Quick Step

The Quick Step team has a new, more colourful jersey for 2011 and is hoping to have a more successful season after team leader Tom Boonen was plagued by a knee injury during the second part of last year.

Boonen seems to have made a full recovery and will surely be a big favourite for what he has always described as ‘his’ races: the Tour of Flanders and Paris-Roubaix. He has won Flanders three times and Paris-Roubaix twice, and taken a series of other top five placings.
Boonen is now 30 but is again expected to be one of Fabian Cancellara’s biggest rivals on the cobblestones.

Quick Step is more than just a classics-centric team and proved it last summer when Sylvain Chavanel won two stages at the Tour de France and wore the race leader’s yellow jersey for two days. Fellow Frenchman Jérôme Pineau also spent ten days in the climber’s polka-dot jersey, giving Quick Step huge amounts of media attention. Both will target the hilly Ardennes classics in 2011 and of course return to the Tour de France.

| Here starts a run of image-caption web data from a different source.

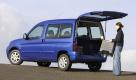 Citroen Berlingo First: Der als Kombi oder Kastenwagen erhältliche Franzose ist nur mit zwei Motoren (Diesel oder Benziner mit jeweils 75 PS) lieferbar und mit einem Preis von 14.050 Euro auch deutlich teurer als der Kangoo Campus. Seitenairbags, Radio, Klimaanlage sowie andere Extras gibt es nur im Paket für 2400 Euro. Immerhin kann man auch Optionen wie Navigationssystem und Multimedia-DVD-System ordern, was für ein Sparauto sehr ungewöhnlich ist.
 Foto: press-inform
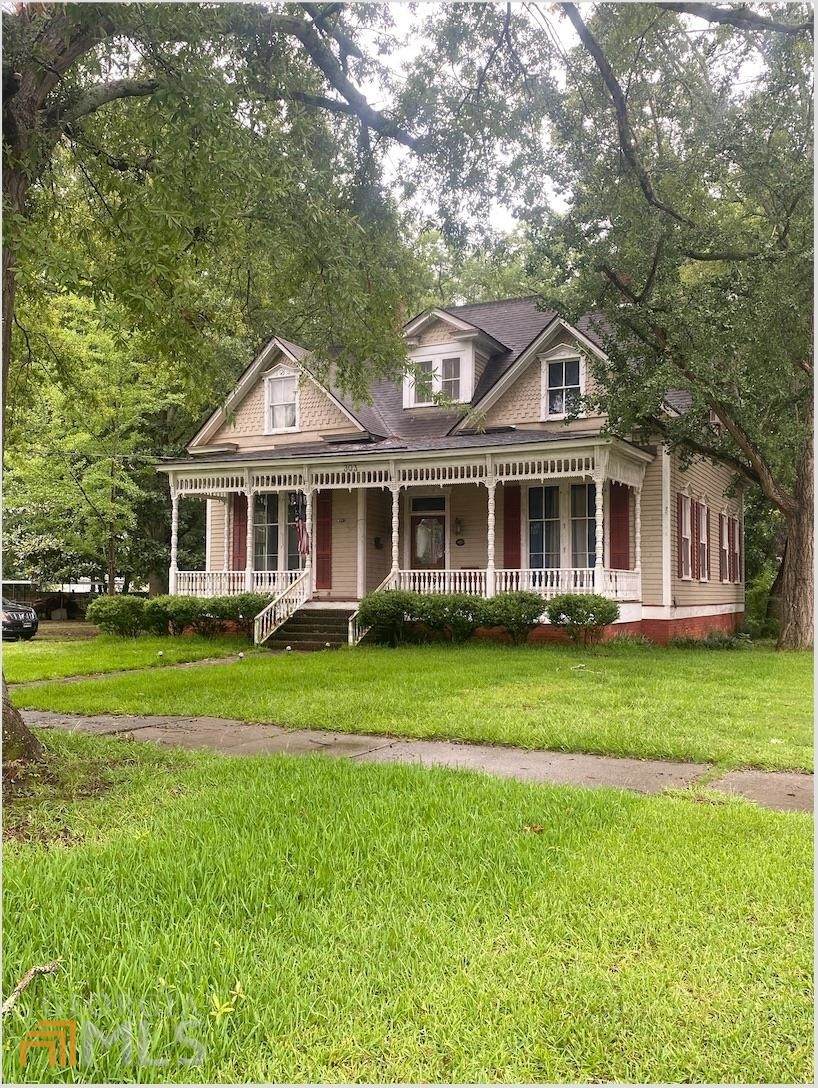 303 College Street - Photo 1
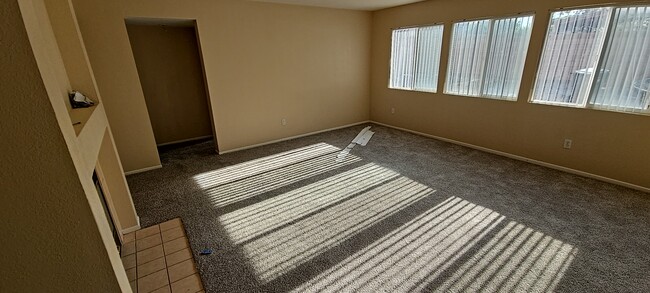 Building Photo - 38235 Armstrong Dr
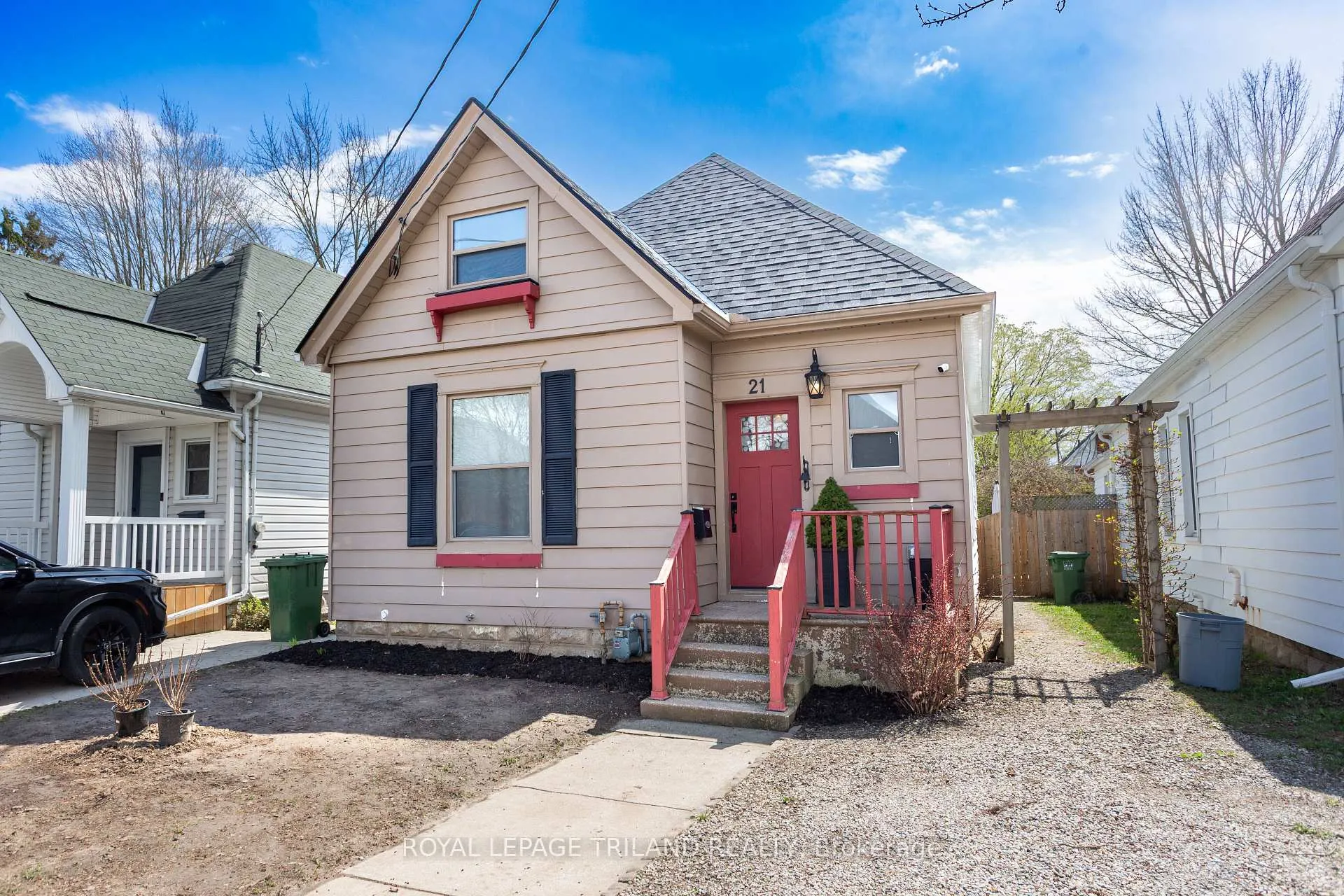 Photo 2 of 21 Maple Street, St. Thomas — HOMEH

Quick Step has slipped down the UCI rankings and lost classics contender Stijn Devolder but has boosted its winning potential by signing sprinters Gerald Ciolek, Francesco Chicchi and Gert Steegmans. They will all benefit from sprint coach, former rider Tom Steels.

Ciolek was Under 23 World Champion and will surely rediscover his powerful burst of speed after two quiet seasons at Milram. Chicchi is a jovial Italian who always wins his share of sprints. In 2010 he won 7 and even beat Mark Cavendish to win stage four of the Tour of California.

Steegmans has had two difficult seasons and changed teams twice. However the best results of his career came at Quick Step and there is no reason why he can’t make a successful comeback.